Mr STEPHEN JONES (Whitlam) (11:38): I thank the minister for responding to some of the issues and questions that I raised, but I note that I invited the minister to rule out a further freeze—an extension of the existing freeze—on financial assistance grants to local councils. That has not yet occurred.
I turn now to shipping policy and I note that the coalition did not release a shipping policy during the recent election. In fact, the department told estimates on Monday that it had identified no new commitments on shipping from the coalition. The portfolio budget statement for 2016-17 says at page 35 that this year the department will have a target to 'amend regulations to deregulate port service providers and ships undertaking interstate voyages'. Minister, does this mean that the government intends to take the same approach to shipping in this parliament that it took in the previous parliament?
At estimates earlier this week we were told:
The minister has reconfirmed that he wants to introduce legislation into the parliament that will create a competitive and efficient shipping industry that forms part of Australia's national transport network. He has also emphasised the need to provide certainty to that industry.
Minister, are those your sole objectives? Does the minister see that Australia has a national interest in fostering and developing Australian maritime capacity and skills? Will the minister join with Labor in committing to including an objective to foster Australian shipping businesses and skills capacity—that is, Australian maritime capacity and jobs?

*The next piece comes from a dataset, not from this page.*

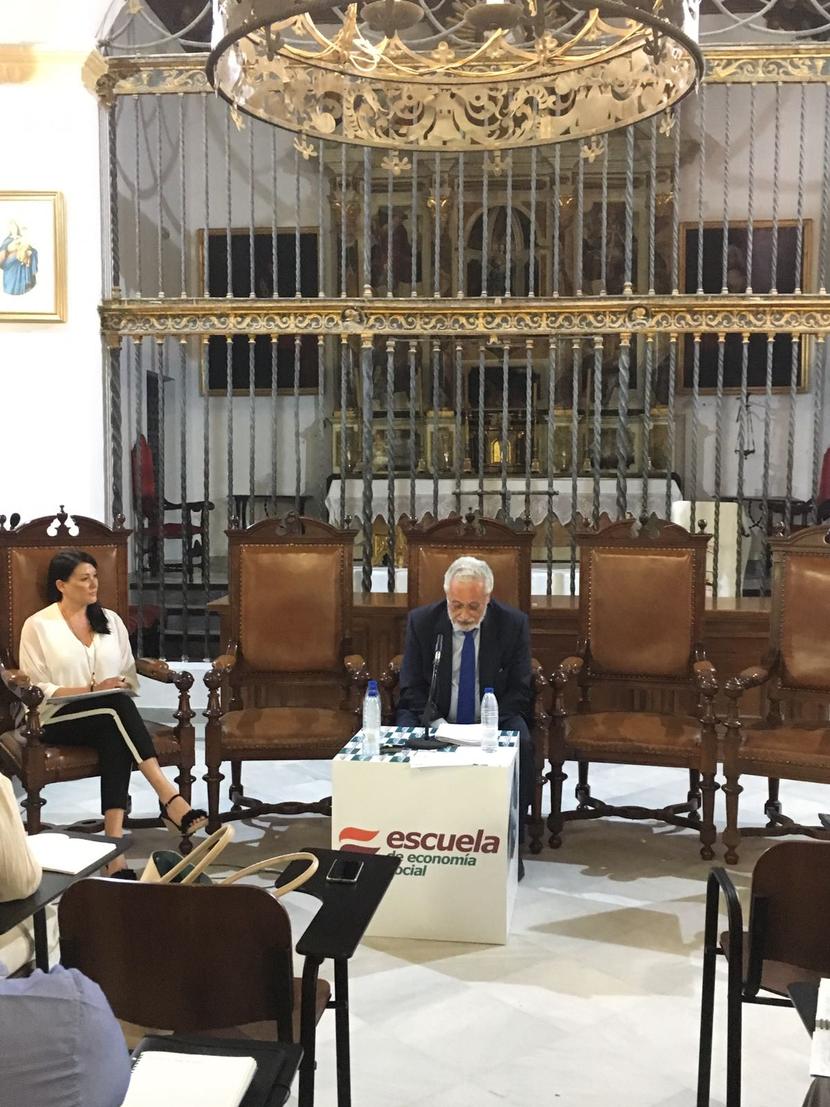 El Defensor aboga por un nuevo modelo económico para alcanzar sociedades más justas e inclusivas El Defensor aboga por un nuevo modelo económico para alcanzar sociedades más justas e inclusivas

Finally, Minister, I will ask some questions concerning the very popular Stronger Communities Program fund—a $45 million-fund that was established in the 2015-16 budget. It is so popular, indeed, that during the last election campaign we had the Prime Minister running around the country, announcing and opening projects which were funded out of this fund. I want to ask the minister whether he can commit to continuation of this fund, as no commitments have been made and no budget allocations have been guaranteed to date. So, can the minister commit and guarantee that this fund will continue?

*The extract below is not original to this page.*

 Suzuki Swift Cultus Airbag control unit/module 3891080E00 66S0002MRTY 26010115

We have also been advised that there was an underspend and underallocation of the moneys that were available in round 1 of this fund for individual electorates around the country. Can the minister advise the House what happened to that underspend and where it was reallocated? Can the minister also advised the House whether there was an underspend in round 2 of the program? And, if so, what has happened to the moneys that were underspent in round 2 of the program? Can the minister also advise that House of what process was put in place by the ministers office in relation to the approval of projects in round 2, which I note occurred during the caretaker period and that this is an unusual course of events?
I also ask a question in relation to road deaths in Australia. This is a very serious subject, Mr Deputy Speaker, and I am sure you would agree with this. Given that road deaths so far in 2016 are almost eight per cent higher than for the same period last year, why is the government cutting funding for the road safety program by over 20 per cent from $24 million to $18.8 million from next year?
I know that this is a matter that is of deep interest to the member for Scullin, and he has spoken to me about this on a number of occasions. I know that the people in his electorate and, in fact, right throughout Melbourne and Victoria are very concerned about that. He has raised with me the question that this is not the right time to make $4 million worth of annual cuts to training for learner drivers in the keys2drive program. So, we ask the minister: isn't road safety a priority for this government and for his ministry?